Une vision insuffisante de la fracture numérique
« Avec 20% de la population qui se dit mal à l'aise avec les outils numérique, l'idée semble avoir du sens, à la base », estime ce dernier. Pour lui, cette formation doit donc sensibiliser aux nouveaux outils numériques et permettre déjà de découvrir les usages fondamentaux du quotidien : utiliser un ordinateur pour chercher un emploi, faire ses courses ou gérer ses affaires administratives.... Toutefois, la fracture numérique s'arrête-t-elle à cela, s’interroge Fabrice Remy.
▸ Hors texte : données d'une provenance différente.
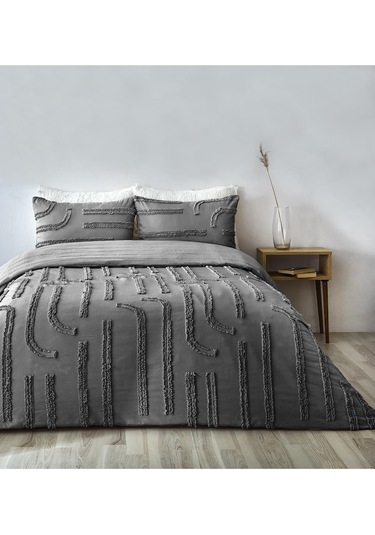 Pamuklu Sasha Kabartmalı Yatak Örtüsü Takımı Günlük Çift Kişilik Boho 3 Parça Elyaf Dolgulu Antrasit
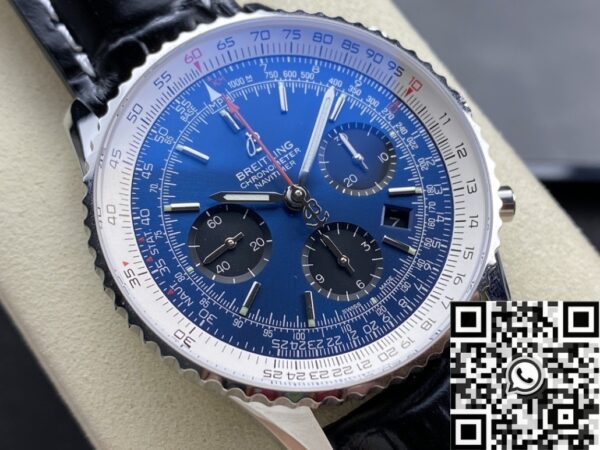 Breitling Navitimer Watch AB0127211C1A1 Blue Dial Leather Strap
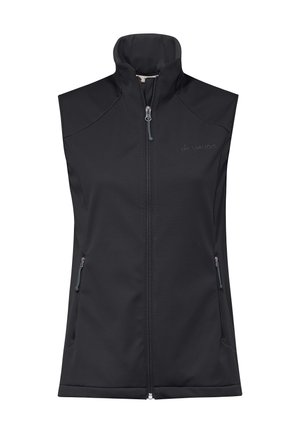 Gilet smanicato nero in softshell con colletto alto, zip frontale, due tasche laterali con zip e piccolo logo sul petto a sinistra.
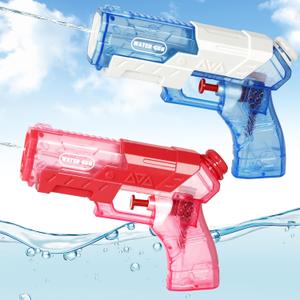 Mini Water Gun for Kids Toddler - Pack of 2 Squirt Guns Water Pistol Small Water Blaster Toys for Boys Girls, Summer Toys for Outdoor Swimming Pool Beach Party Favors Bath Water Gun (Blue Pink)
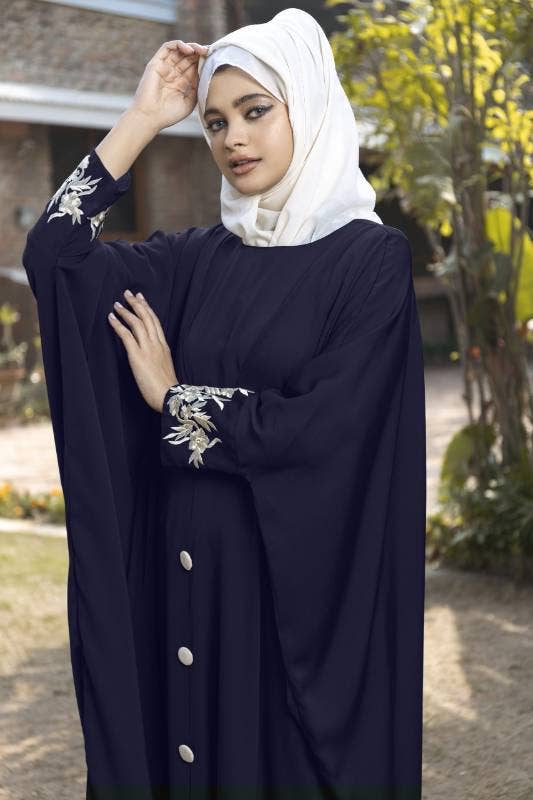 Zod - Wholesale Kaftan - Dames - Vintage blauwe abaya met geborduurde mouwen1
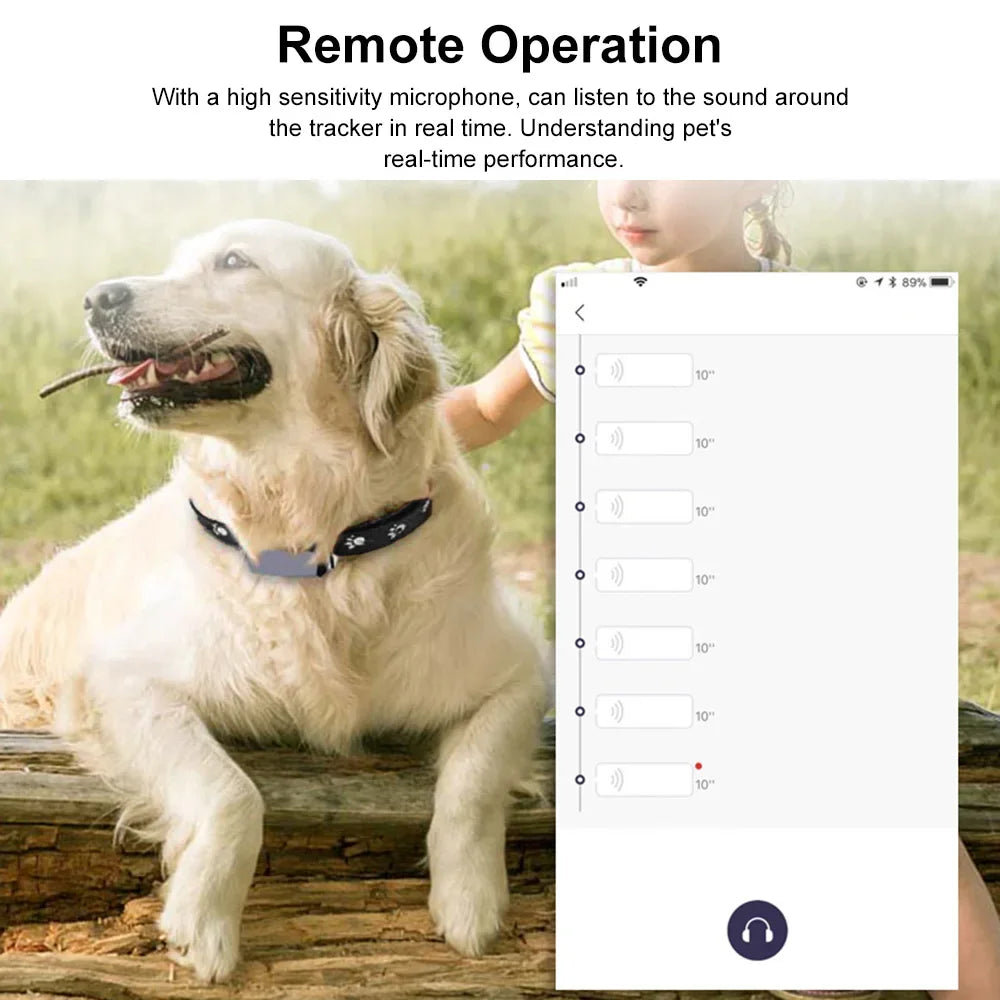 2024 Smart GPS Pet Tracker Collar IP67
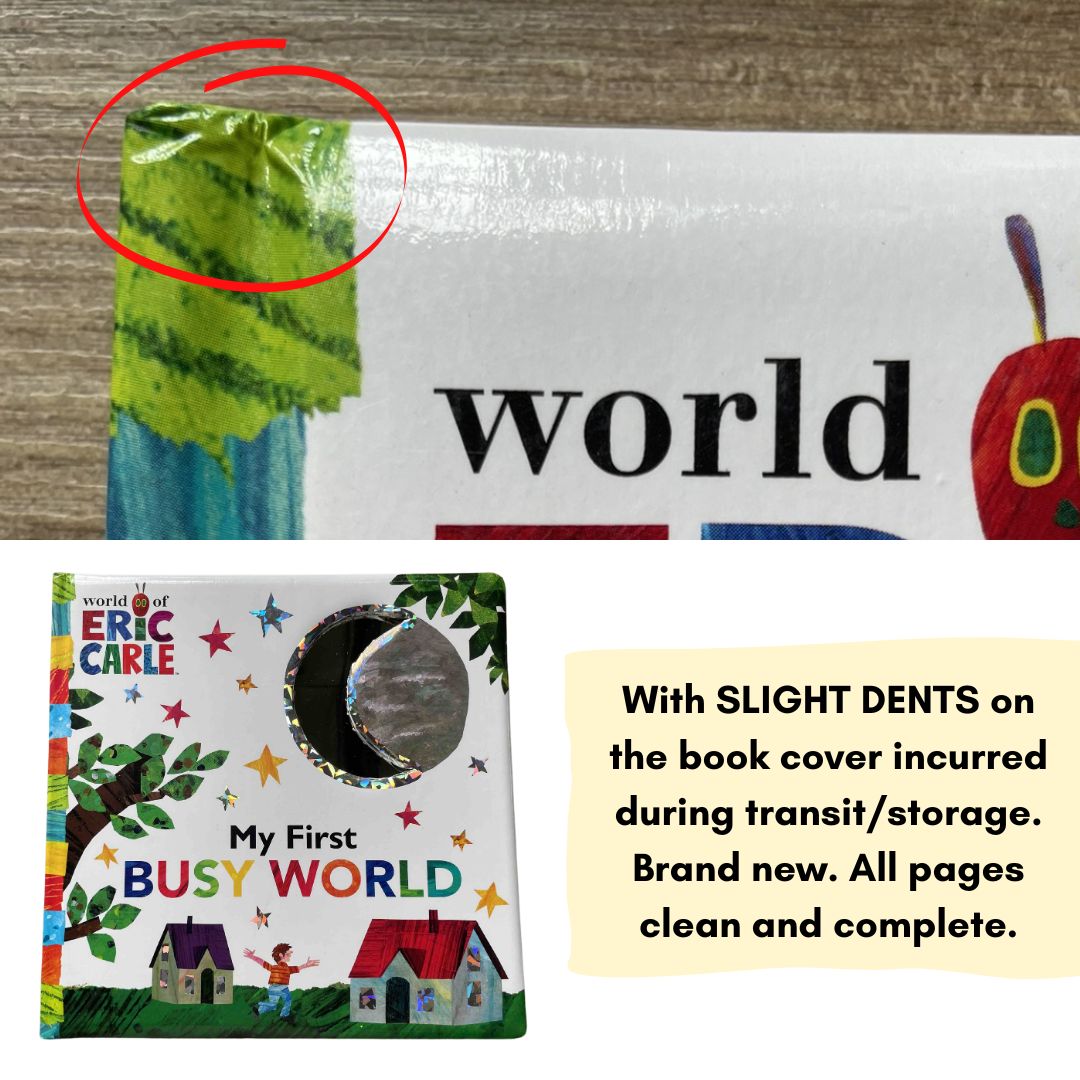 Eric Carle - My First Busy World (The World of Eric Carle) brand new Board Book - with SLIGHT DENTS on book cover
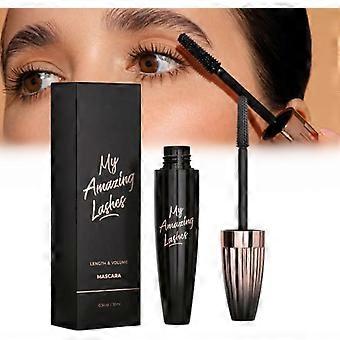 Waterproof Sweatproof Mascara, Smudge Resistant 7D Volume Lash Mascara, Black Thick Lengthening Eyelash Makeup, 1/2/4Pcs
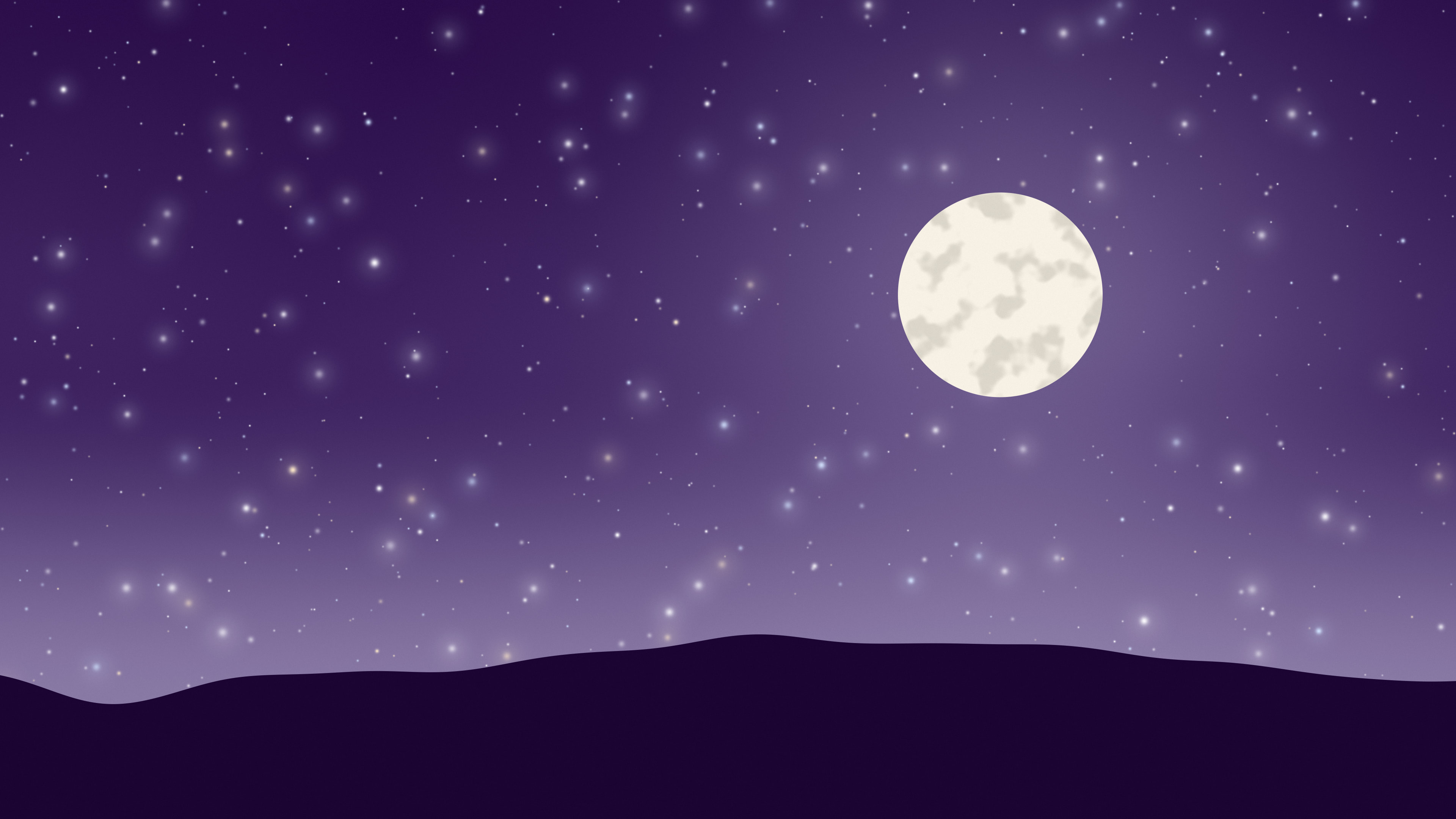 Dark Purple and Ivory Moon and Stars Night Sky desktop wallpaper in 4K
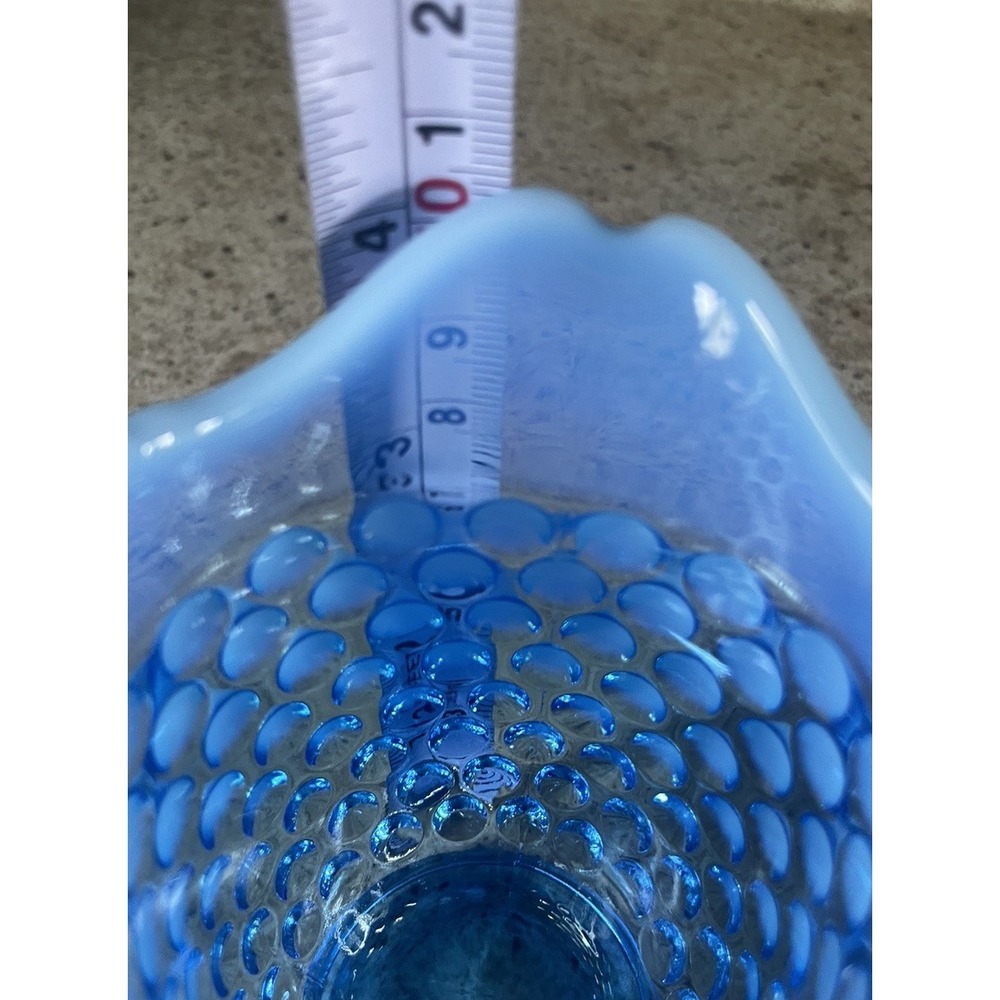 Vintage Fenton Opalescent Colonial Blue Hobnail Creamer 4" Pitcher - Picture 5 of 6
Quid des difficultés des français avec le numérique dans l'univers professionnel ? Le contenu de ces formations va-t-il suffire à mettre tout le monde au même niveau dans l'environnement professionnel de chacun ? « La fracture numérique ne se traduit plus par un découpage manichéen du monde, plaçant les personnes qui utilisent Internet tous les jours ou toutes les semaines d'un côté et les personnes frappées « d'illectronisme » de l'autre côté », estime le dirigeant d’Aneo.
Pour lui, la révolution que nous vivons est bien plus profonde que cela. « Elle est en train de modifier structurellement notre écosystème, induisant une mutation du monde du travail qui oblige les entreprises à repenser complètement leurs stratégies de recrutement, d'évolution de carrière et de formation », souligne-t-il. « Si le principe d'une remise à niveau générale pour celles et ceux qui en ont besoin n'est pas critiquable, en revanche l'affichage d'un objectif aussi ambitieux que la réduction de la fracture numérique est peu crédible aux regards des transformations en cours dans l'univers professionnel. Et de conclure « Apprendre à démarrer une voiture n'est pas suffisant pour obtenir son permis ».